Stef Wertheimer is probably most famous for having founded ISCAR, an Israeli precision metalworking business, and then selling a big chunk to Warren Buffett, his first non-US deal. But as this Business Week article by Stacy Perman titled An Entrepreneurial Path to Peace spotlights, Mr Wertheimer's Tefen business park -- and his ideas for a whole network of such prosperity parks in the vital Levant -- are what I find most inspiring. Writes Ms Perman...
"By providing small businesses with incubators, Israeli industrialist Stef Wertheimer hopes to give Israelis and Arabs economic opportunities that will lead to peace. [The first of these business parks is Tefen] Since Tefen, Wertheimer has established four additional industrial parks in Israel following the same model. To date, they have nurtured 175 companies, employ 5,000 people, and in 2007 produced collective sales of $750 million, 80% from exports. In 2003, Wertheimer established his sixth park, in Gebze, outside of Istanbul, Turkey. Today, Gebze has 70 companies employing 300 people. [...] In Werteheimer's grand scheme, a host of similar industrial parks would stretch across the Levant, the non-oil producing nations along the spine of the former Ottoman Empire, through Lebanon, Turkey, Jordan, Palestine, and Israel. "There are 90 million to 100 million people quarreling about who's right," he explains. "Israel is more successful than the Arabs, and I believe peace will come if we have similar income levels. This we can have, but we have to change from an agricultural society to an industrial one. It can be done. We've done it here in the Galilee, which is 20% of Israel. It is made up of Arabs and Jews, and unemployment is 4% here compared to 7.5% in Israel."
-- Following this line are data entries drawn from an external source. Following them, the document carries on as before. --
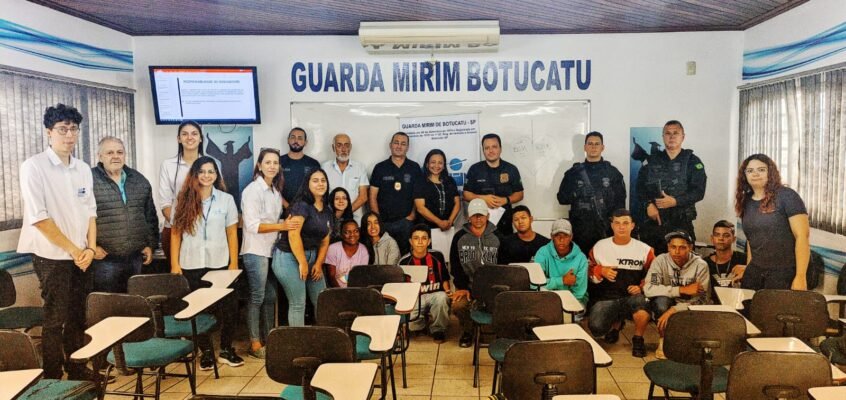 Delegado Seccional e Equipe de Polícia Civil Interagem Proativamente com Adolescentes do Projeto Despertar da Guarda Mirim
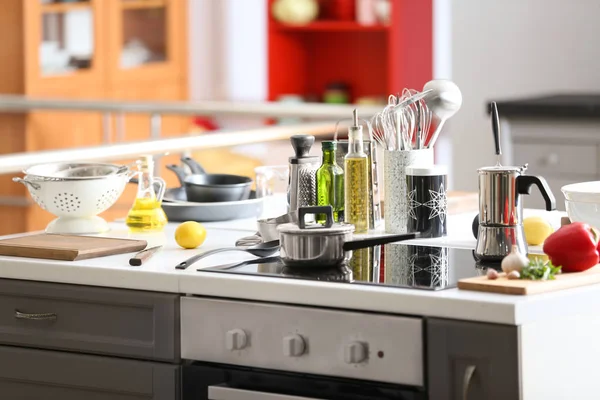 Utensilios de cocina preparados para clases de cocina —  Fotos de Stock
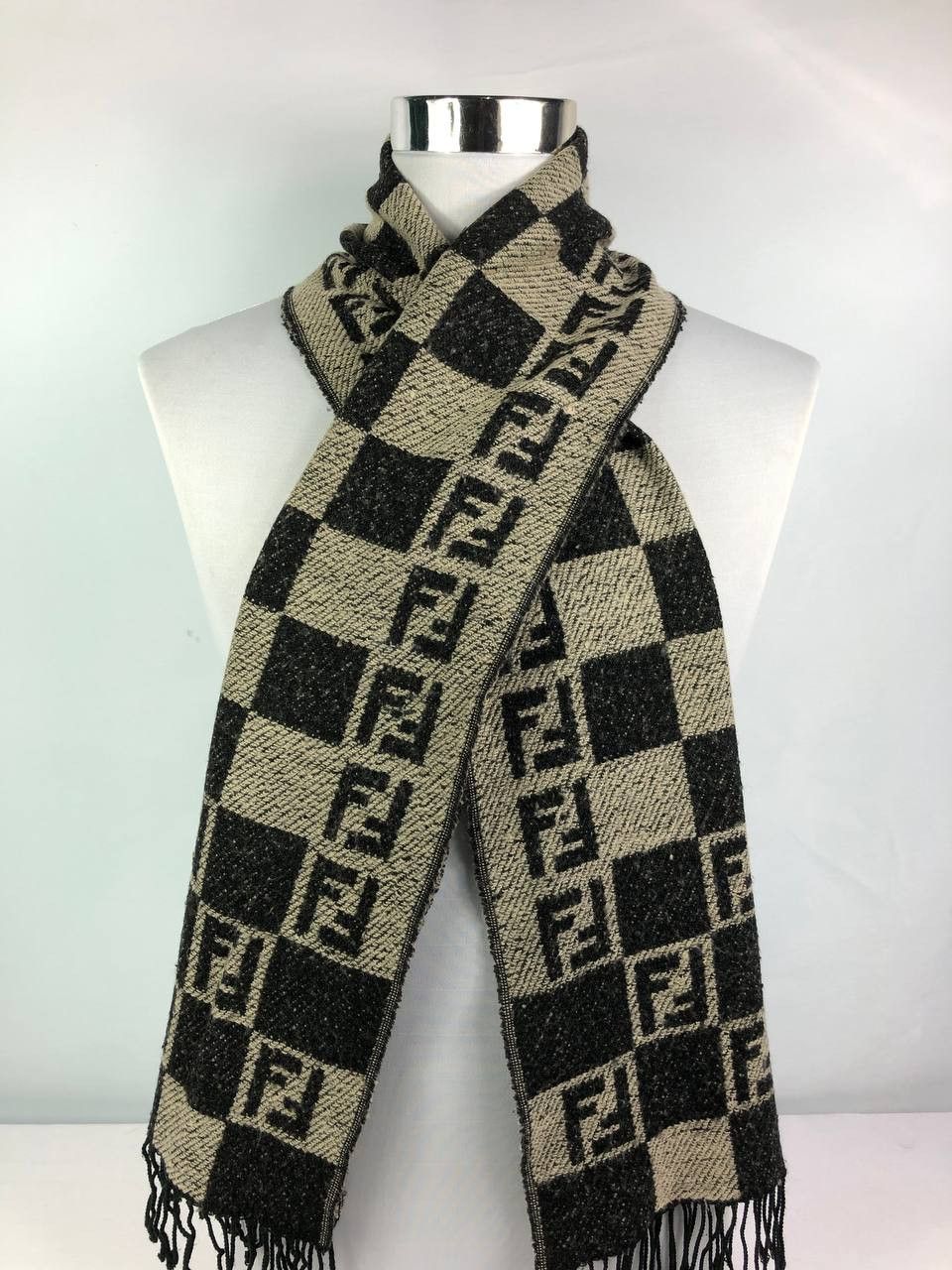 Fendi Fendi Scarf / Muffler / Neckwear FS330 Size ONE SIZE - 1 Thumbnail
This kind of orchestrated development is exactly what many emerging regions of the world need, especially the Levant. Indeed, this is an essential element of the Hummus 2050 project run by Austrian architect-planners Sigi Atteneder and Lorenz Potocnik -- honorees in the Just Jerusalem initiative here at MIT -- where they envision a vibrant network of interconnected and prosperous cities throughout the region...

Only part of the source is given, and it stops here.